GENEVA (AP) — Ailing bank Credit Suisse on Monday reported over 61 billion Swiss francs (nearly $69 billion) in outflows in the first three months of the year, when Switzerland’s government arranged for its takeover by rival UBS, and said clients are still withdrawing assets.
The Zurich-based bank cited the “significant net asset outflows” as it posted results skewed by an emergency rescue that was orchestrated by Switzerland’s financial markets regulator and included the wipeout of some 15 billion Swiss francs in higher-risk bonds. Some of those investors are now suing over the losses.
The takeover by UBS is expected to close in the coming months and was designed in part to help stabilize the global financial system that had been roiled by the collapse of two U.S. banks.
The reputation of 167-year-old Credit Suisse had been pummeled in recent years over stock price declines, a string of scandals and the flight of customers worried about the bank’s future.
The tailspin accelerated in mid-March after the head of the Saudi National Bank, which became a big investor in the Swiss bank last fall, said it wouldn’t provide more money to Credit Suisse. The Saudi bank chairman later resigned, citing “personal reasons.”
On Monday, Credit Suisse said net asset outflows of 61.2 billion francs in the first quarter — the UBS takeover was hastily announced on March 19 — amounted to about 5% of all of its assets under management.
The outflows “have moderated but have not yet reversed,” the bank said.
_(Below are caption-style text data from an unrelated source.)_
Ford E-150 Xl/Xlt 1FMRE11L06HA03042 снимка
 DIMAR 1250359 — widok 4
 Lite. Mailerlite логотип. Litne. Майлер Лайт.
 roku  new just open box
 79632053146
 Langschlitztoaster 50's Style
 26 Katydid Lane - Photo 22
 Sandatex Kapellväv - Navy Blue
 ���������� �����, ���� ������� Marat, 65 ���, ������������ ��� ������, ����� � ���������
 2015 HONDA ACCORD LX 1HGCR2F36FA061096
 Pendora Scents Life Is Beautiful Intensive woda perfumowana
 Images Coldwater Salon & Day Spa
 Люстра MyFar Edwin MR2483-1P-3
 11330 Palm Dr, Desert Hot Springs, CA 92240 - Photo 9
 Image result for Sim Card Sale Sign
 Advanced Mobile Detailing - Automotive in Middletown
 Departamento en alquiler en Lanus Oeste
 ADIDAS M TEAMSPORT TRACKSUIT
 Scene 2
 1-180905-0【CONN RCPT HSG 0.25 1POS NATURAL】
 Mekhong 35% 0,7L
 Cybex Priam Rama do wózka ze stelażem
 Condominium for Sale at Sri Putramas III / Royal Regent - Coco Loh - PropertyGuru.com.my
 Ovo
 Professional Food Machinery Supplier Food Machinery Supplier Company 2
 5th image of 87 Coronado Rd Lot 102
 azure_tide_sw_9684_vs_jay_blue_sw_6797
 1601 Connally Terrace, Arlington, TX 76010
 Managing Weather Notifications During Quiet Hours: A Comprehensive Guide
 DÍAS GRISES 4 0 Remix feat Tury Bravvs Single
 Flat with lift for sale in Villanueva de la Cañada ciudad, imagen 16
As of March 31, Credit Suisse said it had borrowed 108 billion francs from the Swiss central bank, whose guarantees were a pillar of the rescue plan that helped avoid a possible collapse of Switzerland’s second-largest bank. That total follows repayments of 60 billion francs, and the bank says it has paid back a further 10 billion this month.
Credit Suisse posted pretax profit of 12.8 billion francs in the quarter, stemming almost entirely from writing down the higher-risk bonds. Otherwise, it had a pretax loss of 1.3 billion francs.
Customer deposits also dropped by 67 billion francs in the three-month period.
“These outflows, which were most acute in the days immediately preceding and following the announcement of the merger, stabilized to much lower levels, but had not yet reversed as of April 24, 2023,” the bank said in a summary of its results.
Turmoil at the bank has simmered down, but challenges for Credit Suisse and the takeover deal have not.
Last week, investors holding more than 4.5 billion francs in higher-risk Credit Suisse bonds sued Swiss financial regulators in one of several court complaints over the wipeout.
U.S. lawmakers also accused the bank of limiting the scope of an internal investigation into Nazi clients and Nazi-linked accounts, including some that were open until just a few years ago.
A week earlier, Switzerland’s lower house of parliament issued a symbolic rebuke of the emergency rescue plan spearheaded by the executive branch.
UBS, which reports its first-quarter earnings Tuesday, has laid out the challenges of taking over its main competitor — the two big banks each have headquarters at Zurich’s Paradeplatz square — but insists that the deal will benefit UBS shareholders.
Colm Kelleher, the Irish-born chairman of UBS, said this month that the union of the two banks amounts to the most complex deal in global finance since the 2007-2008 financial crisis.
Banking analysts and financial academics expect job cuts and an administrative thicket ahead for UBS as it carves up and integrates Credit Suisse, while scrapping unwanted assets.